Collected data entries
>>>

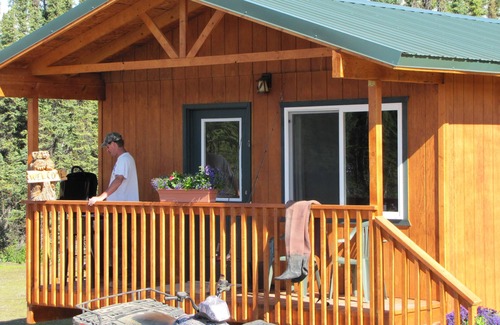 Ridgeway Cabin | Alaska Moose and Spruce Lodges and Lodges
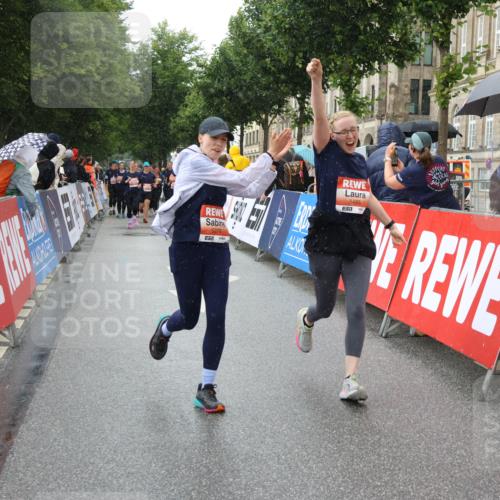 14.06.2026 - REWE Women's Run Strokosch-Dieckow http://msf.ph/oto/9772553 14.06.2026 11:09:53 Ziel 5278, 5465 meine-sportfotos.de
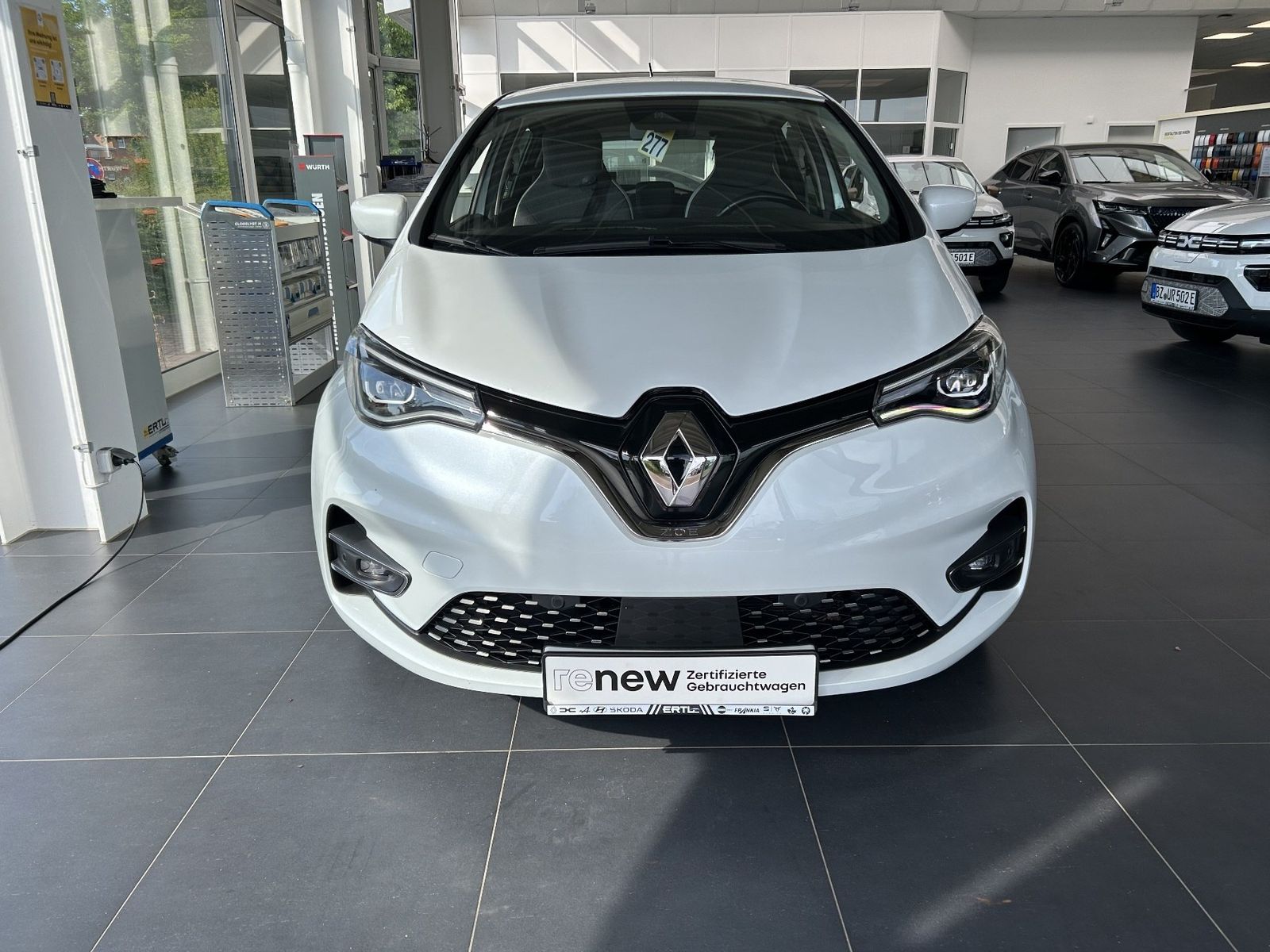Renault ZOE EXPERIENCE R110 Z.E. 50 - Samsaru's Car Outlet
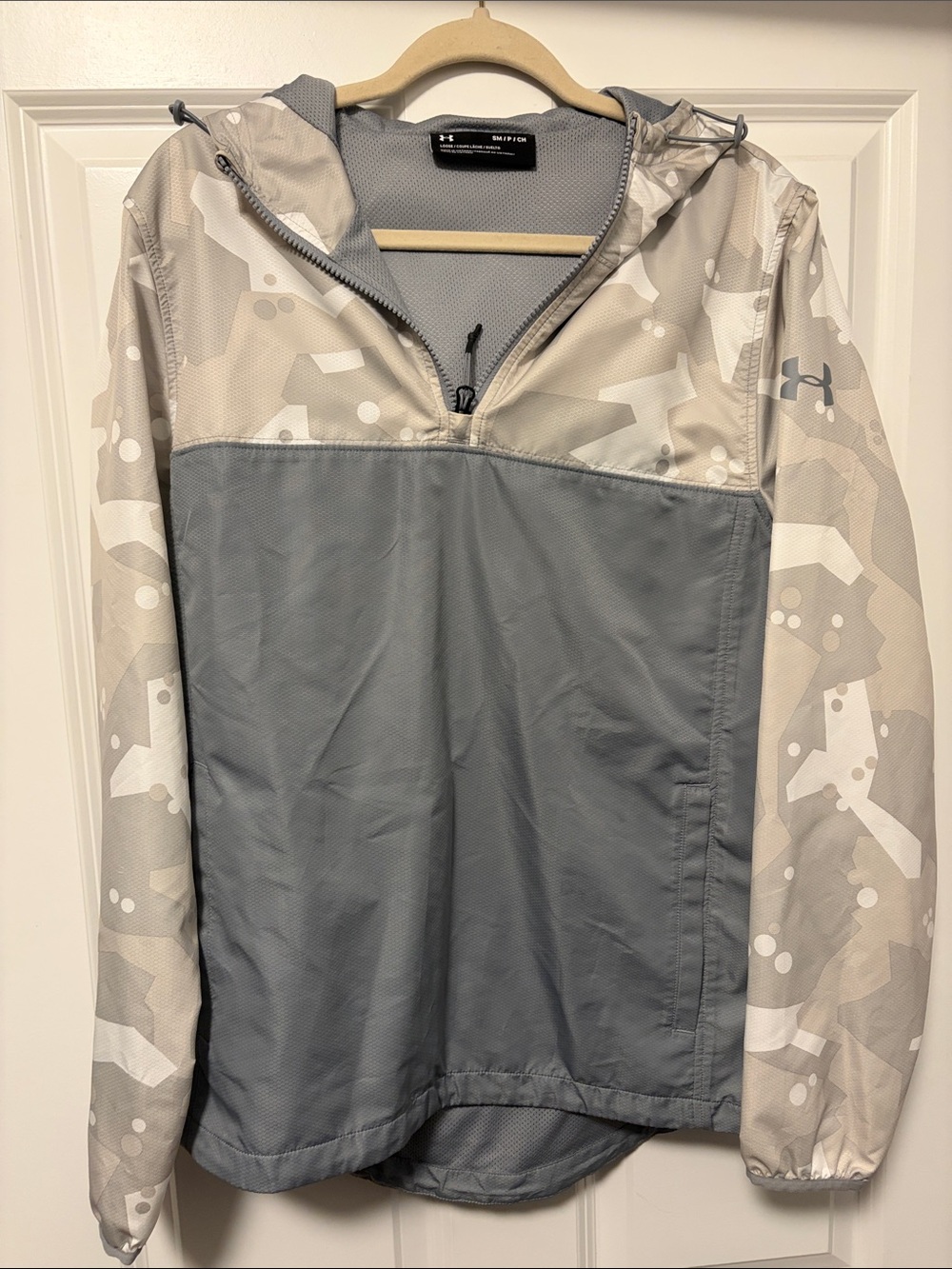 Under Armour Gray & Beige Camo Half-Zip Hooded Anorak
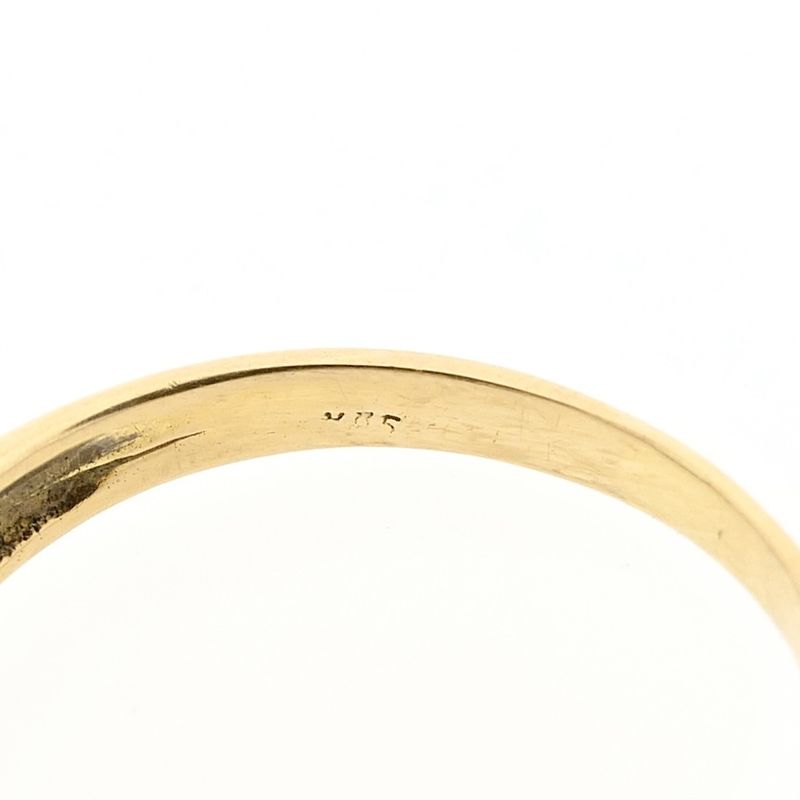 Image 8 of Gold solitaire ring with diamond; 0.14 ct.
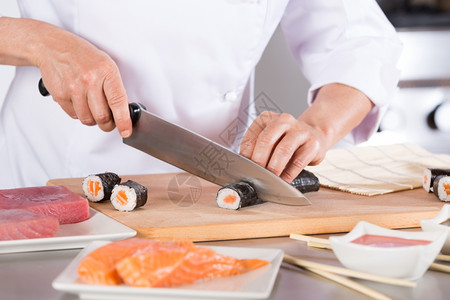 厨师切寿司卷图片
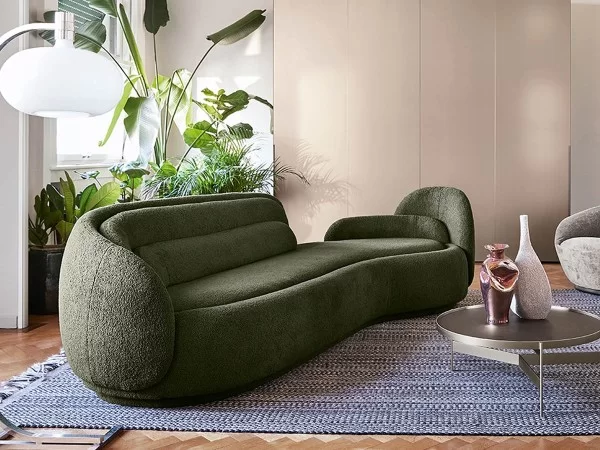 Peonia sofa by Pianca in a living area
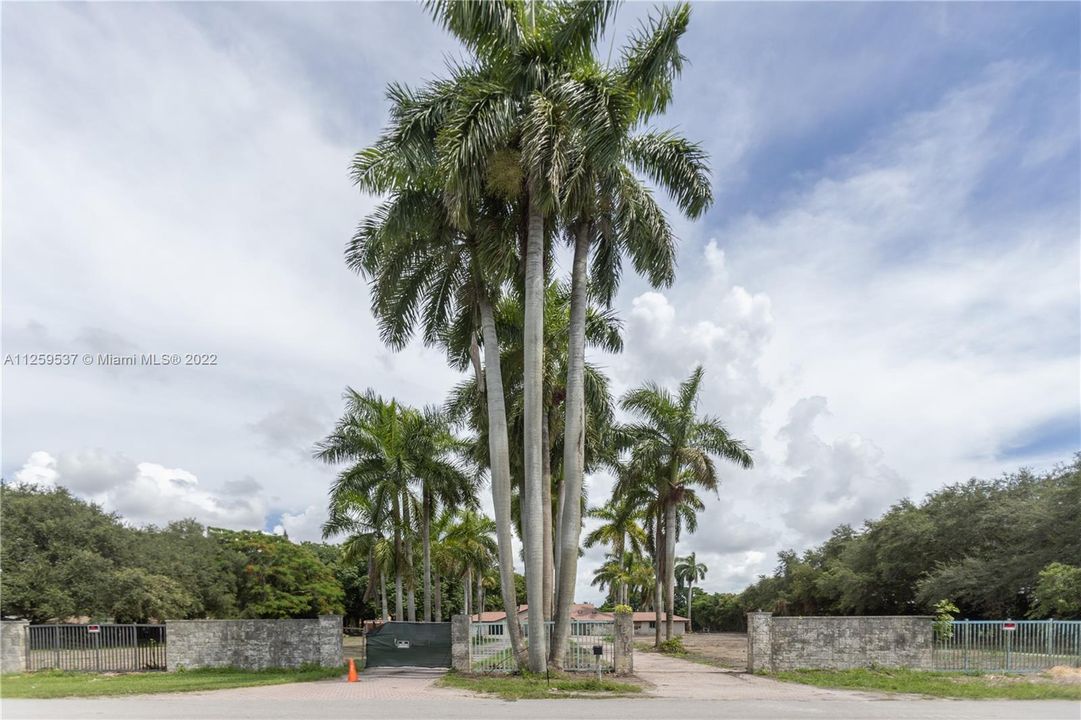 Recently Sold: $4,500,000 (11 beds, 7 baths, 7044 Square Feet)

<<<

§ **Required work**:
In the copy, include every line of the records exactly and none of the images.

§ **Response box**:
 Ridgeway Cabin | Alaska Moose and Spruce Lodges and Lodges
 14.06.2026 - REWE Women's Run Strokosch-Dieckow http://msf.ph/oto/9772553 14.06.2026 11:09:53 Ziel 5278, 5465 meine-sportfotos.de
Renault ZOE EXPERIENCE R110 Z.E. 50 - Samsaru's Car Outlet
 Under Armour Gray & Beige Camo Half-Zip Hooded Anorak
 Image 8 of Gold solitaire ring with diamond; 0.14 ct.
 厨师切寿司卷图片
 Peonia sofa by Pianca in a living area
 Recently Sold: $4,500,000 (11 beds, 7 baths, 7044 Square Feet)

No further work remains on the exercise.